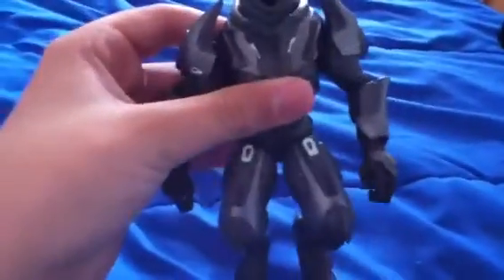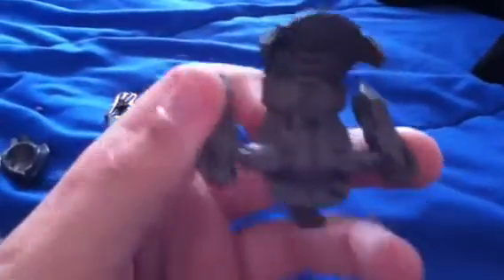Their helmets can come off. He's got some really detailed armor. Here are his attachments: his helmet, one plasma grenade, a concussion rifle, and the jetpack. When the jetpack is on the Covenant guy, you can't put any weapons on his back, so I keep the concussion rifle on his thigh.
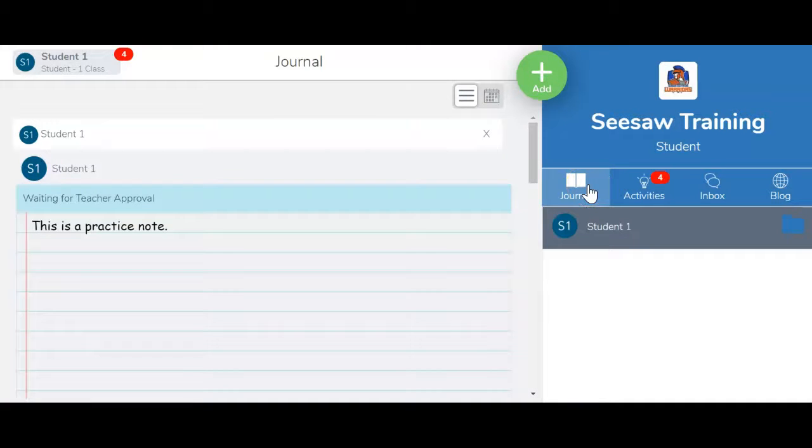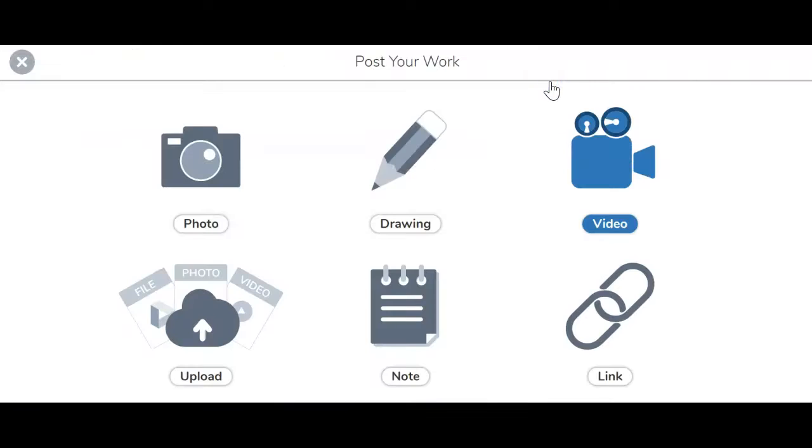Hey there Kinsey Kids. In this video I'm going to show you how to post a photo or a video in Seesaw. Remember I need to be in my journal tab for the green circle to show up at the top. I'll go ahead and click on add and you'll see that there's a photo option or a video option.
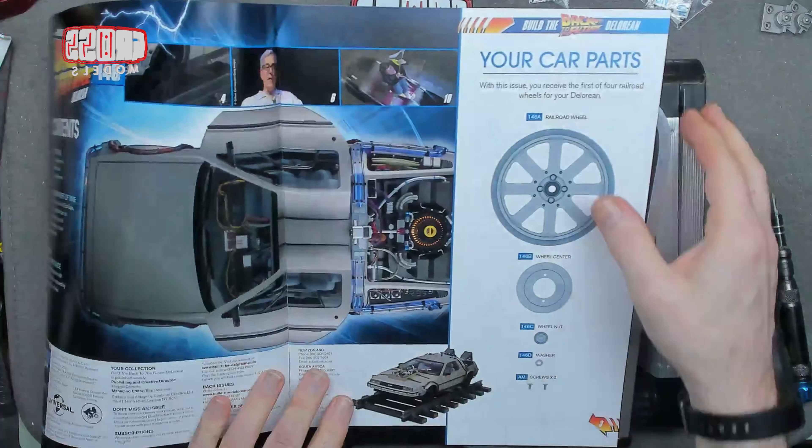Hello, I'm Chris, this is Gross Models. Welcome to issue 146 of building the Back to the Future DeLorean.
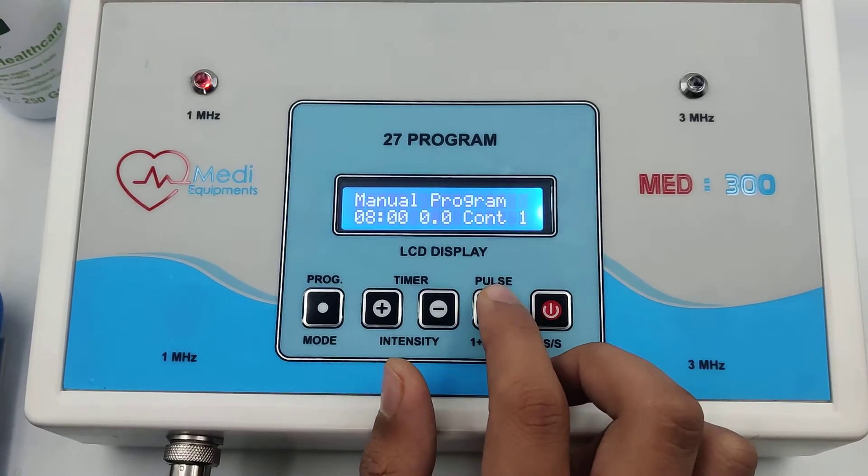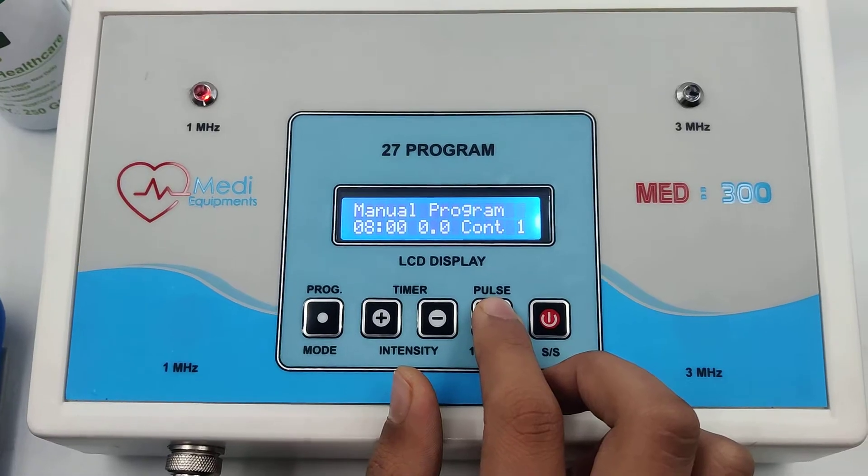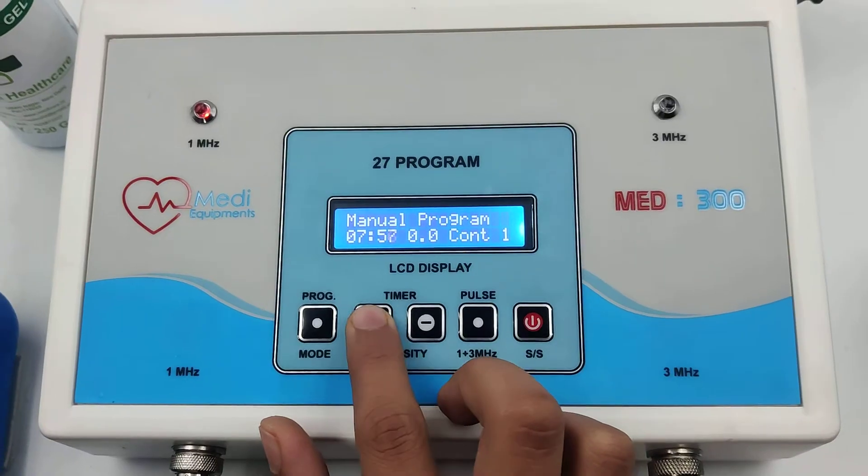In continuous mode, the maximum intensity is 3.5, and in pulse mode the intensity depends on the pulse ratio. Start the machine and increase the intensity as per your need — intensity up.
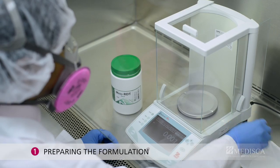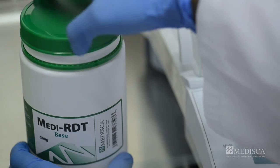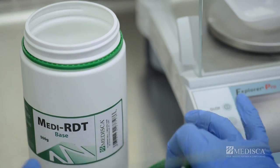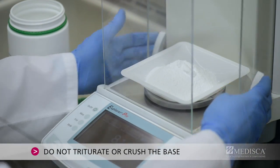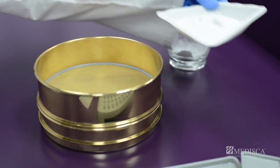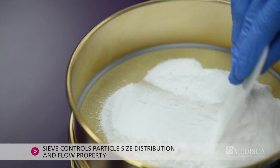Step 1: Preparing the formulation. Weigh all the ingredients, then triturate the APIs and other ingredients including a suitable flavoring agent. Do not triturate or crush the base. Next, pass all the ingredients through the 50 mesh sieve to control particle size distribution and flow.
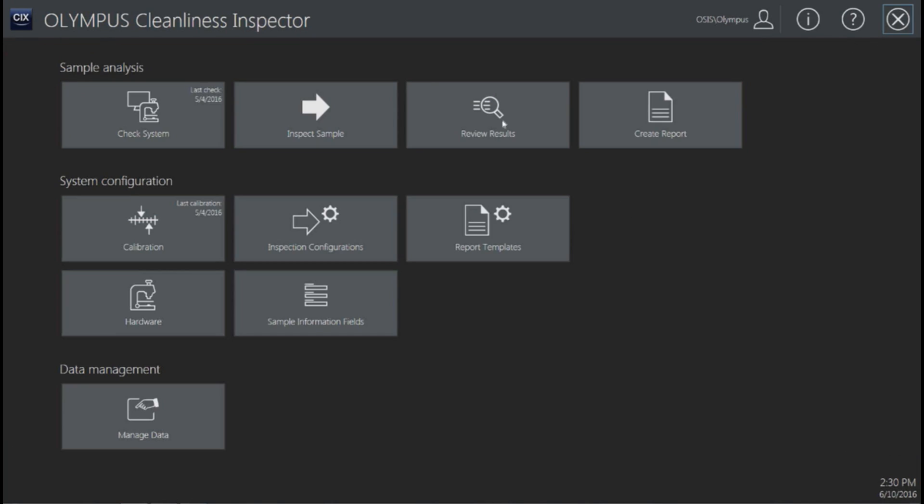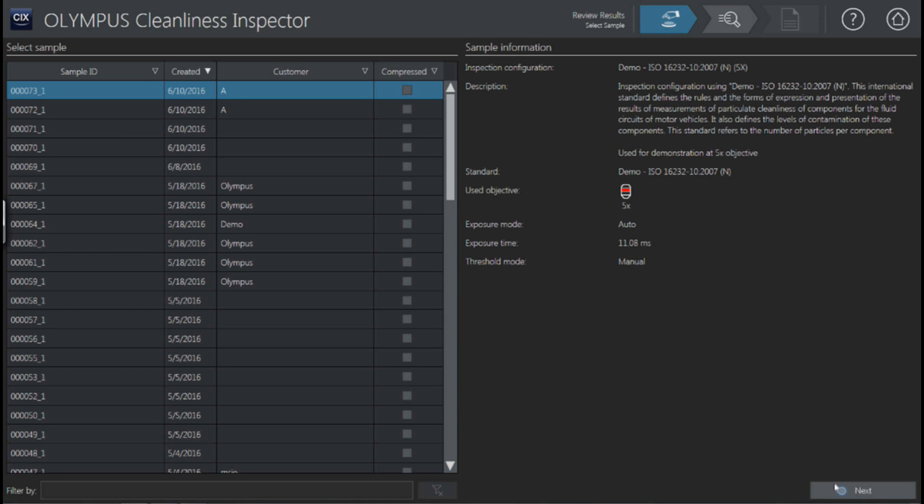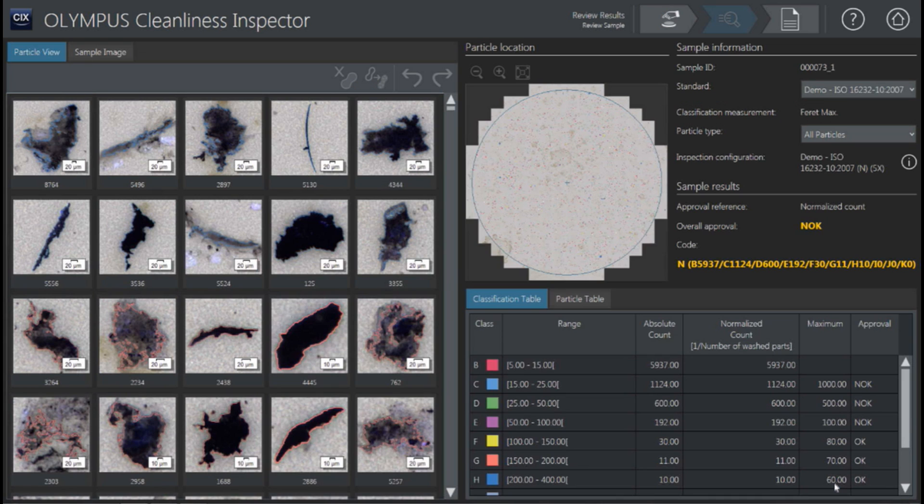Automatically, the report is saved into the data pool of the software. Going back to the software, you can see that later on, qualifying all this data is very important. If a part failed in the field, you could go back, look up that serial number, and pull up all the results again — view results, go in and select them, and it brings up all those pictures again. You can also open the report. Everything is automatically saved and archived in the software, so there's no user who has to remember to save anything — the data is always there as soon as the scan completes.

━━━━━━━━━━

#### [WHAT YOU ARE ASKED TO DO]
Pictures stay out, but every record above is to be returned exactly.

#### [SOLUTION TO THE EXERCISE]
Their helmets can come off. He's got some really detailed armor. Here are his attachments: his helmet, one plasma grenade, a concussion rifle, and the jetpack. When the jetpack is on the Covenant guy, you can't put any weapons on his back, so I keep the concussion rifle on his thigh.
Hey there Kinsey Kids. In this video I'm going to show you how to post a photo or a video in Seesaw. Remember I need to be in my journal tab for the green circle to show up at the top. I'll go ahead and click on add and you'll see that there's a photo option or a video option.
Hello, I'm Chris, this is Gross Models. Welcome to issue 146 of building the Back to the Future DeLorean.
In continuous mode, the maximum intensity is 3.5, and in pulse mode the intensity depends on the pulse ratio. Start the machine and increase the intensity as per your need — intensity up.
Step 1: Preparing the formulation. Weigh all the ingredients, then triturate the APIs and other ingredients including a suitable flavoring agent. Do not triturate or crush the base. Next, pass all the ingredients through the 50 mesh sieve to control particle size distribution and flow.
Automatically, the report is saved into the data pool of the software. Going back to the software, you can see that later on, qualifying all this data is very important. If a part failed in the field, you could go back, look up that serial number, and pull up all the results again — view results, go in and select them, and it brings up all those pictures again. You can also open the report. Everything is automatically saved and archived in the software, so there's no user who has to remember to save anything — the data is always there as soon as the scan completes.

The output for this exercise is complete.